Image by Becca Lofchie
Last Weekends of the Month
Saturday, October 25–Sunday, October 26
- Included with Museum admission; no reservations
All ages; children must be accompanied by an adult
ABOUT THE PROGRAM
Bring the whole family to the Skirball’s Last Weekends of the Month. These fun-filled Saturdays and Sundays feature special last-weekend-only performances and activities that change every month. Take part in related art activities in the Family Art Studio, too.
Drop by anytime 10:00 a.m.–4:00 p.m.
As part of the citywide festival The Big Draw LA, local artist and graphic designer Becca Lofchie leads the collaborative drawing project “Exquisite Garden.” Help draw a plant by adding your own root, flower, stem, or fruit to a larger ongoing piece in the style of “exquisite corpse”—a method invented by the surrealists.
11:00 a.m. and 1:30 p.m.
Enjoy screenings of animated shorts from the 1940s and 1950s, inspired by the exhibition Light & Noir: Exiles and Émigrés in Hollywood, 1933–1950. these classic cartoons—featuring beloved characters like Daffy Duck, Donald Duck, Goofy, and Bugs Bunny—were specially chosen by noted animation historian Jerry Beck. A Q&A with Beck follows the screening.
How to Be a Detective (1952): Goofy “plays” private detective Johnny Eyeball in this cartoon featuring familiar film noir tropes like dark alleys, car chases, and shady characters—including the first appearance of the criminal weasels who became the comical henchmen in Who Framed Roger Rabbit.

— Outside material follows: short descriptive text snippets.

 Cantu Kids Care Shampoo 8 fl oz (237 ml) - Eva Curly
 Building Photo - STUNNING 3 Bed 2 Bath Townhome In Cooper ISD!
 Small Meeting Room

The Great Piggy Bank Robbery (1946): Bob Clampett's zany take on Dick Tracy comic book stories features Daffy Duck as Duck Twacy, who hunts down the criminals behind a piggy bank robbery crime wave. Look out for a cameo by Dick Tracy villain Flat Top.
Duck Pimples (1945): Donald Duck spends a night curled up with some detective pulp fiction and listens to a mystery radio show. then chaos ensues. This highly surreal episode features numerous in-jokes (the characters are all named after Disney animators) and a redheaded moll who inspired Jessica Rabbit in Who Framed Roger Rabbit.

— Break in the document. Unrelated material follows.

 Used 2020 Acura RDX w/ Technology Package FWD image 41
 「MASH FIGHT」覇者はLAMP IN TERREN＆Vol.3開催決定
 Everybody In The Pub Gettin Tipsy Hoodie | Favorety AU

Showdown (1942): This stylish Superman cartoon from the now defunct Fleischer Studios at Paramount sees the Man of Steel tackling a jewel thief disguised as his double. This short has definite touches of classic film noir; Superman climbs out of cobwebbed catacombs and foils a getaway car.
The Last Hungry Cat (1962): This Tweety and Sylvester cartoon, directed by Friz Freleng, is a spoof of noir-ish whodunnits as well a parody of psychological Alfred Hitchcock mysteries.

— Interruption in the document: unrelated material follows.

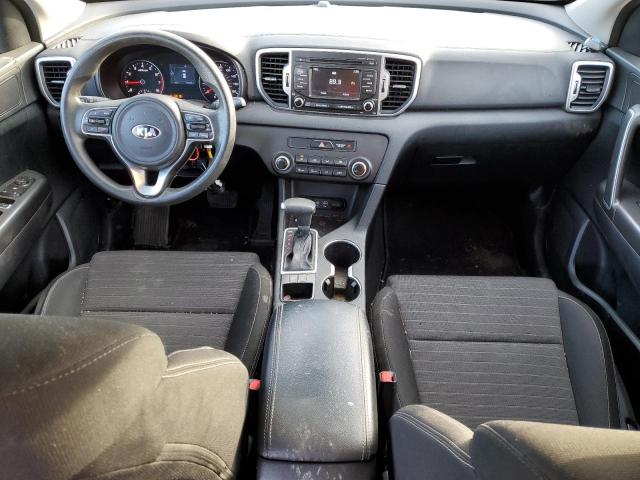 2018 KIA SPORTAGE L KNDPM3AC6J7370309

Racketeer Rabbit (1946): On a dark and stormy night, Bugs Bunny takes refuge in the hideout of gangsters Rocky (an Edward G. Robinson caricature) and Hugo (a Peter Lorre henchman). Produced during the height of Hollywood's film noir period, this cartoon is the ultimate parody of cinematic “wise guys.”
Get into the holiday spirit with two family concerts designed to lift your spirits and rock your world. On Saturday, dance and sing with Brooklyn-based band The Pop Ups, back for yet another exuberant holiday show at the Skirball. On Sunday, New York City musical sensation Moona Luna plays a toe-tapping set of bilingual music influenced by 1950s rock ’n’ roll.